First, Dr. Billingsley discussed the etiology and epidemiology of Gorlin syndrome. Gorlin syndrome is a tumor predisposing disorder with systemic manifestations that affects approximately 11,000 people in the US. It is caused by a genetic mutation affecting the Sonic Hedgehog (SHH) signaling pathway. Most mutations occur in the protein patched homolog 1 (PTCH-1) gene but can also occur in PTCH-2, suppressor of fused homolog (SUFU), and other genes. Gorlin syndrome is autosomal dominant, and de novo mutations occur in 20–30% of cases. It occurs across ethnicities and genders.

Second, Dr. Billingsley described Gorlin syndrome diagnosis, which is primarily based on clinical presentation.

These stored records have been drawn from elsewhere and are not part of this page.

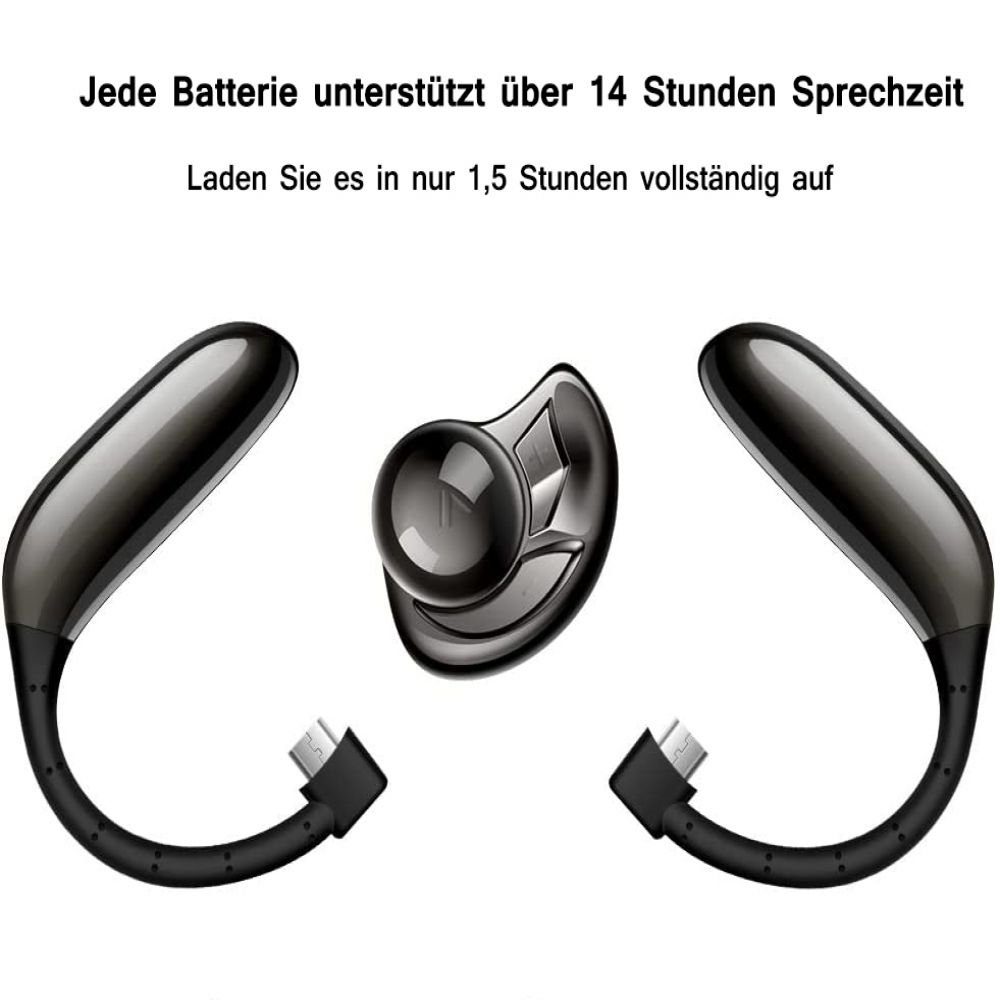 mit Jormftte Bluetooth-Headset Mikrofon V5.3,Freisprecheinrichtung In-Ear-Kopfhörer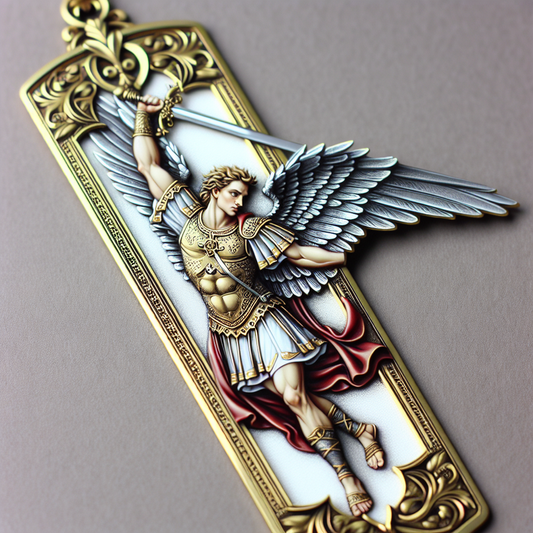 st michael bookmark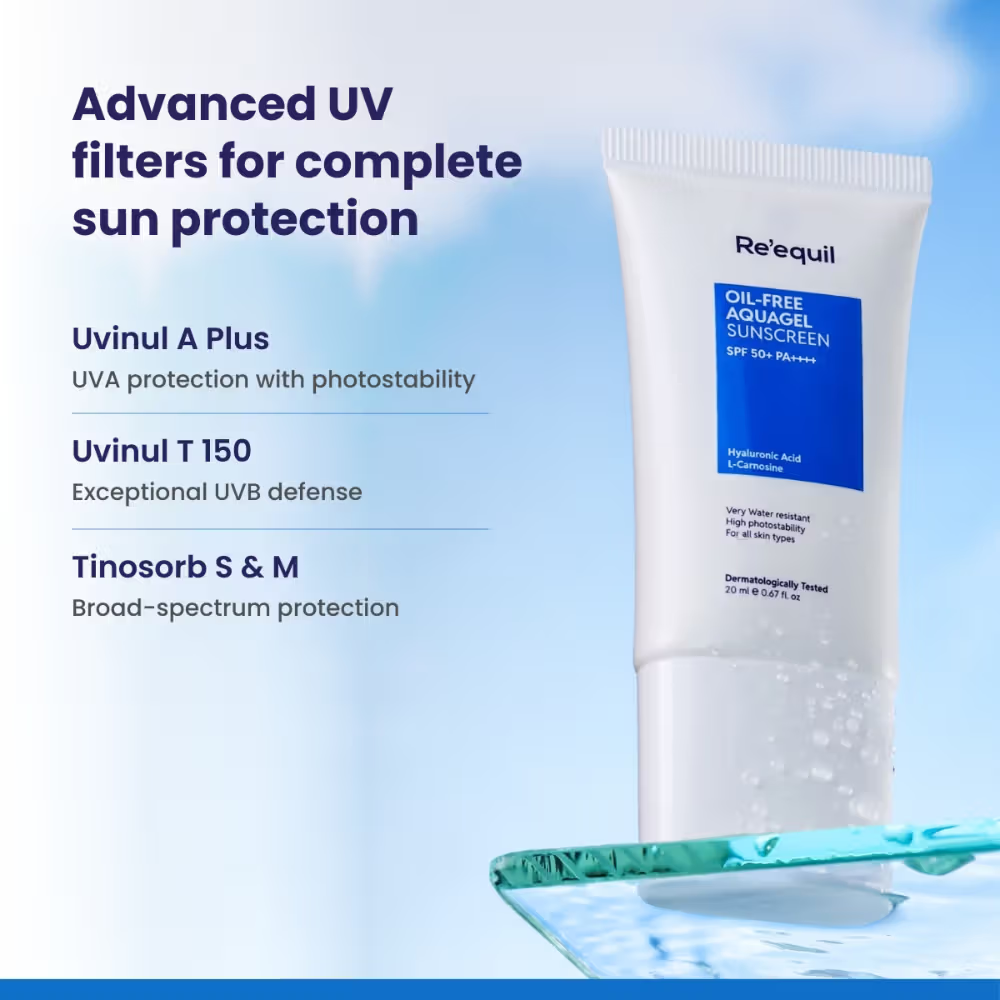 Re'equil Oil Free Aquagel Sunscreen SPF 50 PA++++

Major diagnostic criteria include 1 basal cell carcinoma (BCC) before age 20 years or multiple BCCs, odontogenic keratocysts, ≥2 palmar pits, intracranial calcification, and a first-degree relative with the syndrome. BCCs can occur in children 3–4 years old; the mean age is 25 years. BCCs do not appear in 10% of patients. Skeletal and facial abnormalities are common in Gorlin syndrome patients.

Third, Dr. Billingsley discussed Gorlin syndrome treatment and management. All patients need education about sun exposure and genetic counseling when considering having children. Treatment options for BCCs include surgery, topical creams, and systemic therapies. Surgical approaches include scissor tags, curettage, excision, and Mohs. Dr. Billingsley noted that Mohs should be reserved for specific situations such as recurrent tumors and tumors on the eyelid, lip, or ear, where preservation of normal skin is important. A balance must be struck among tissue preservation, higher cure rates, and surgical fatigue.

Topical creams imiquimod and 5-fluorouracil can be effective if patients can tolerate treatments. Side effects include skin discoloration, ulceration, increased sensitivity to sunlight, and pain and burning at the affected site.

Two oral SHH inhibitors are FDA approved for BCC: sonidegib for locally advanced disease and vismodegib for metastatic BCC. Dr. Billingsley recommended considering oral SHH inhibitors for patients who are surgically challenging; metastatic, otherwise inoperable, or poor surgical candidates; or have surgical fatigue. Like the topical creams, these oral SHH inhibitors can be effective but also can cause troublesome side effects including muscle cramps, fatigue, hair loss, and taste disturbance. Additional treatment options are niacinamide, laser treatment, and photodynamic therapy.

To conclude, Dr. Billingsley discussed the goals of treatment for Gorlin syndrome. She emphasized that treatment is multi-modal and personalized. The goal is not necessarily to eradicate all BCCs but to focus on the tumors that are most threatening, symptomatic, or bothersome to patients.